• Exercise directions:
Beginning with the line where "Mulher dada como" appears, restate each line word for word until the data ends. Pictures do not go in.

• Exercise data:
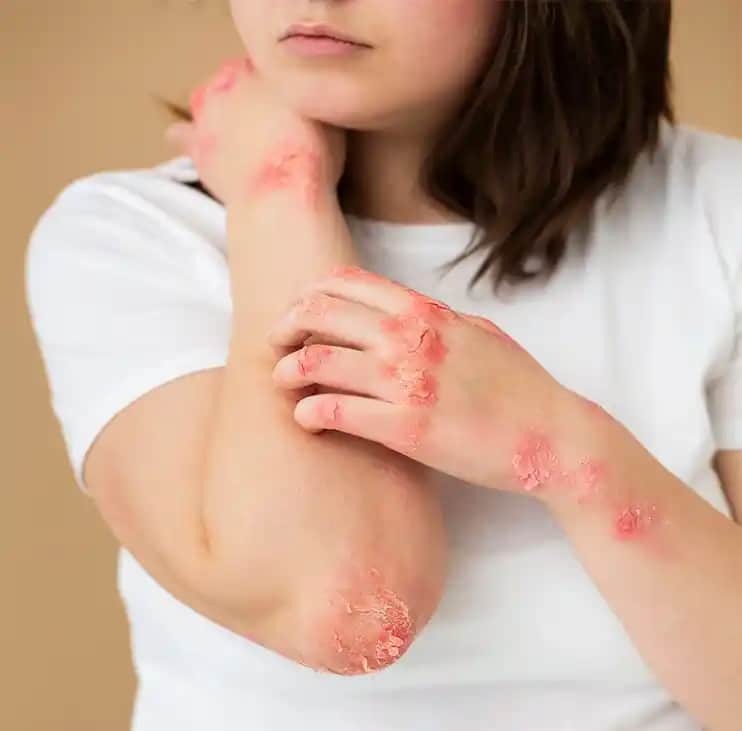 Göğüs Arası Egzama Nedir, Nedenleri ve Cilt Sağlığını Koruma Yolları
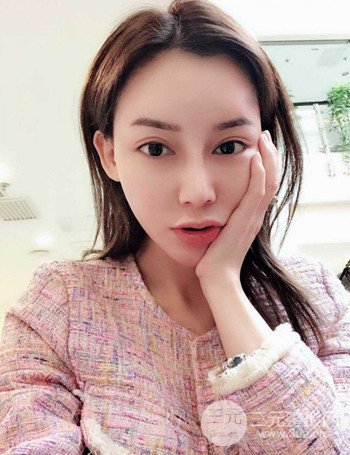 上海隆鼻失败手术修复果超乎想象、前后对比照片分享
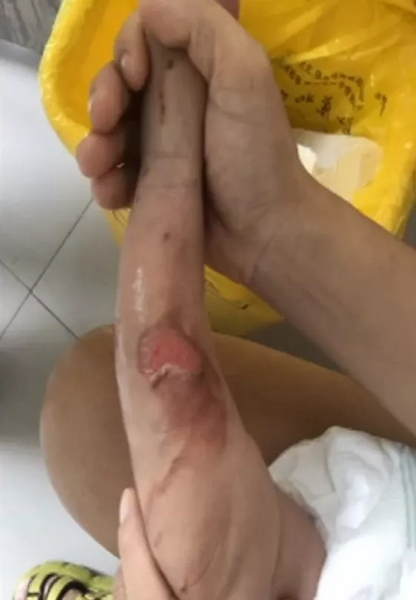                     月嫂抱着40天男婴做饭，鸡蛋突然爆开
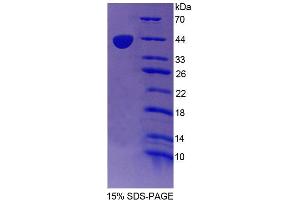 SDS-PAGE analysis of Human TR2 Protein. (NR2C1 蛋白)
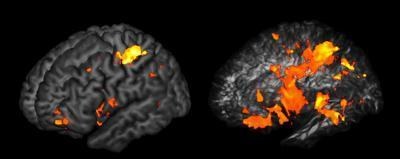 Rejony mózgu (po lewej) i ich połączenia (po prawej) ważne dla naszej inteligencji &nbsp; /PNAS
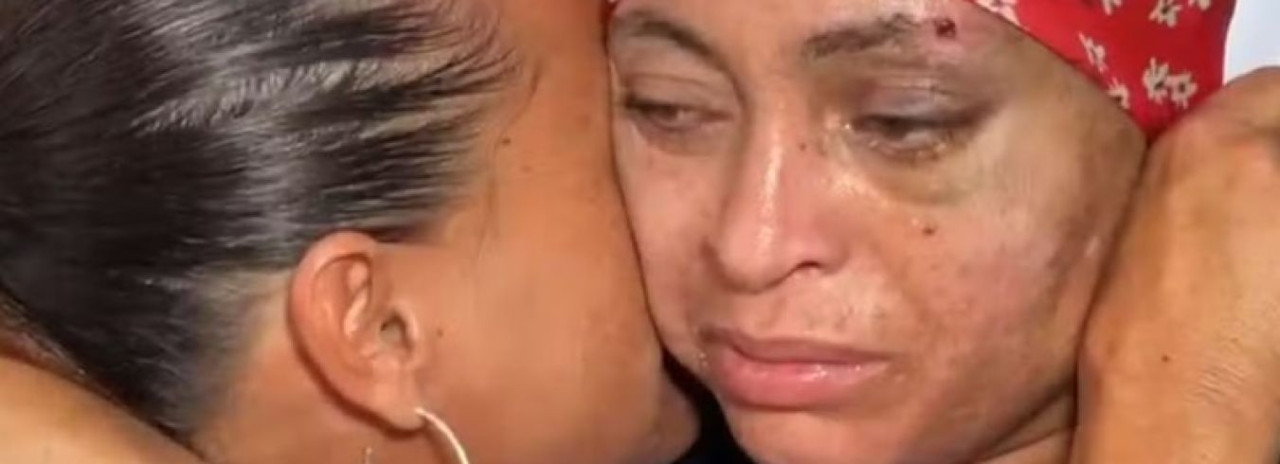 Mulher dada como morta por engano após atropelamento recebe alta depois de quase 20 dias internada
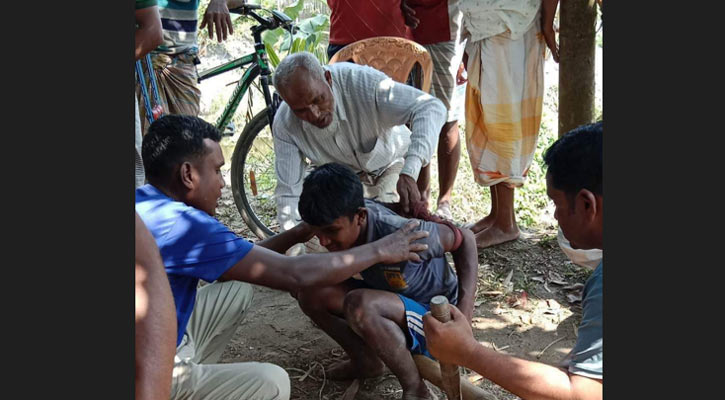 চোর সন্দেহে কিশোরকে মধ্যযুগীয় কায়দায় নির্যাতন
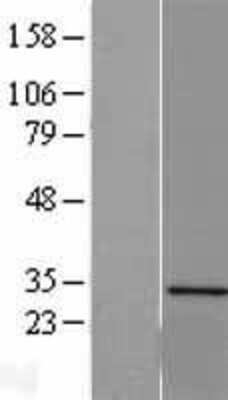 Western Blot Sertad1 Overexpression Lysate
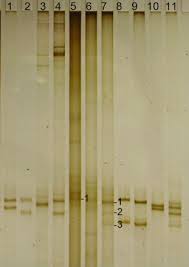 Image result for Putterlickia verrucosa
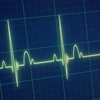 „Fenomenul Lazăr” zguduie lumea medicală! Un bărbat declarat mort s-a trezit după 30 de minute
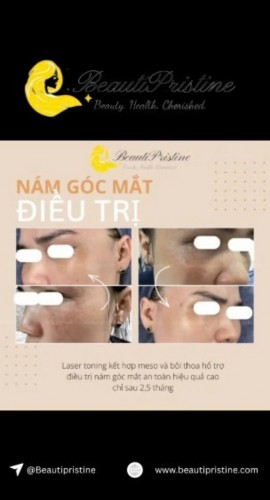 ĐIỀU TRỊ NẠM GÓC MẮT
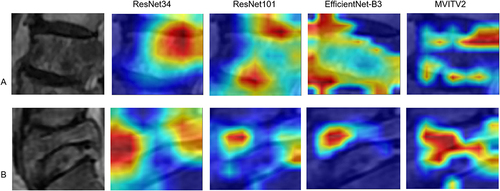 Figure 4 Grad-CAM images of different DL models: (A) a SM image, (B) a STB image.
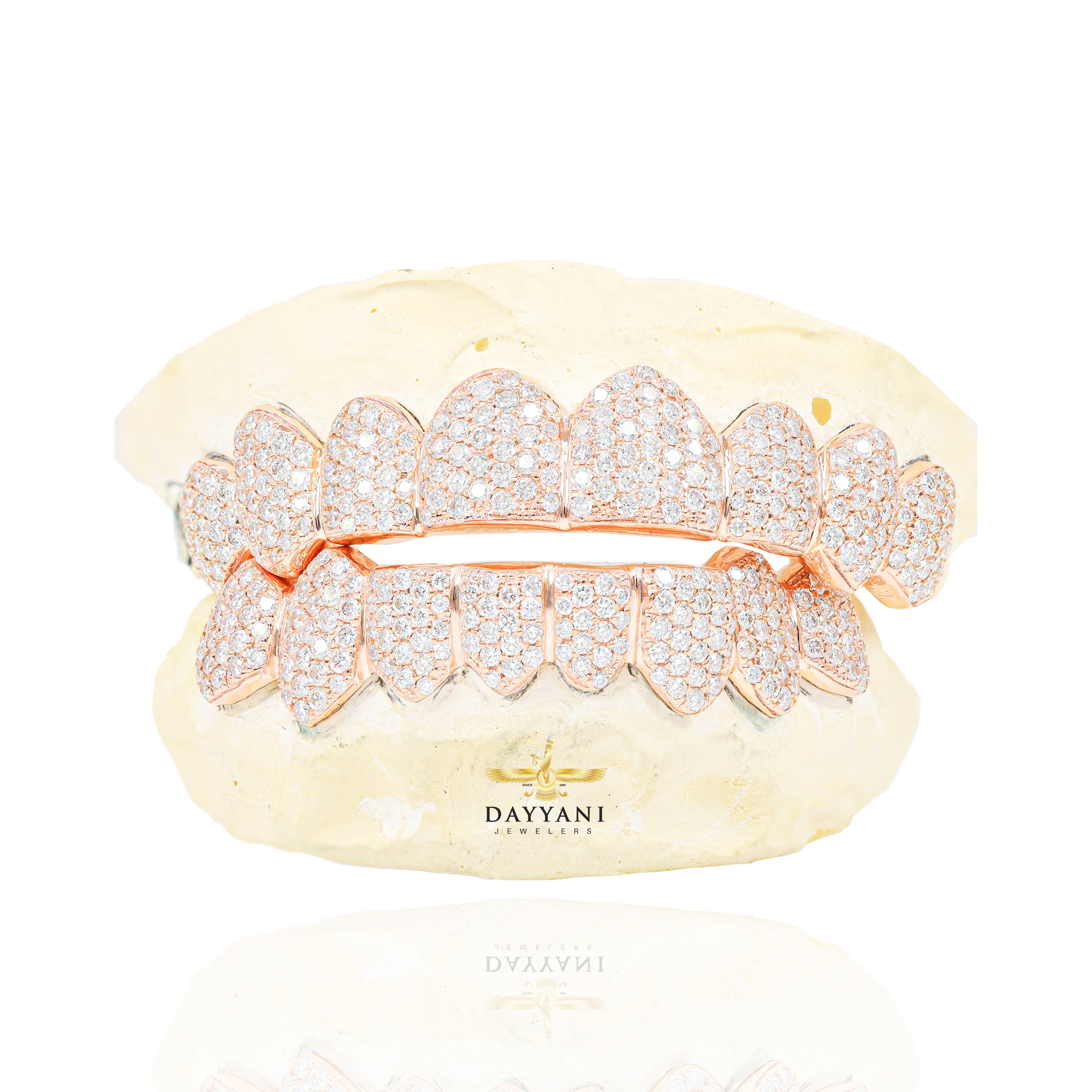Custom SI Clarity Diamond Grillz Hand Set Natural Diamonds Gold Grillz (Zig-Zag Setting)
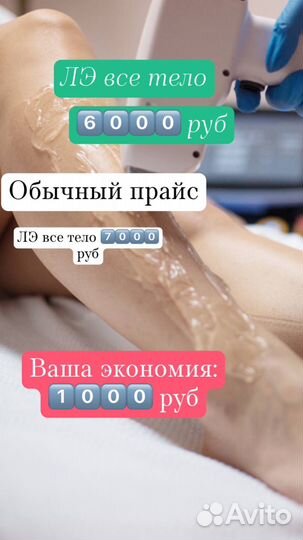 Лазерная эпиляция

• Response to the task:
 Mulher dada como morta por engano após atropelamento recebe alta depois de quase 20 dias internada
 চোর সন্দেহে কিশোরকে মধ্যযুগীয় কায়দায় নির্যাতন
 Western Blot Sertad1 Overexpression Lysate
 Image result for Putterlickia verrucosa
 „Fenomenul Lazăr” zguduie lumea medicală! Un bărbat declarat mort s-a trezit după 30 de minute
 ĐIỀU TRỊ NẠM GÓC MẮT
 Figure 4 Grad-CAM images of different DL models: (A) a SM image, (B) a STB image.
Custom SI Clarity Diamond Grillz Hand Set Natural Diamonds Gold Grillz (Zig-Zag Setting)
 Лазерная эпиляция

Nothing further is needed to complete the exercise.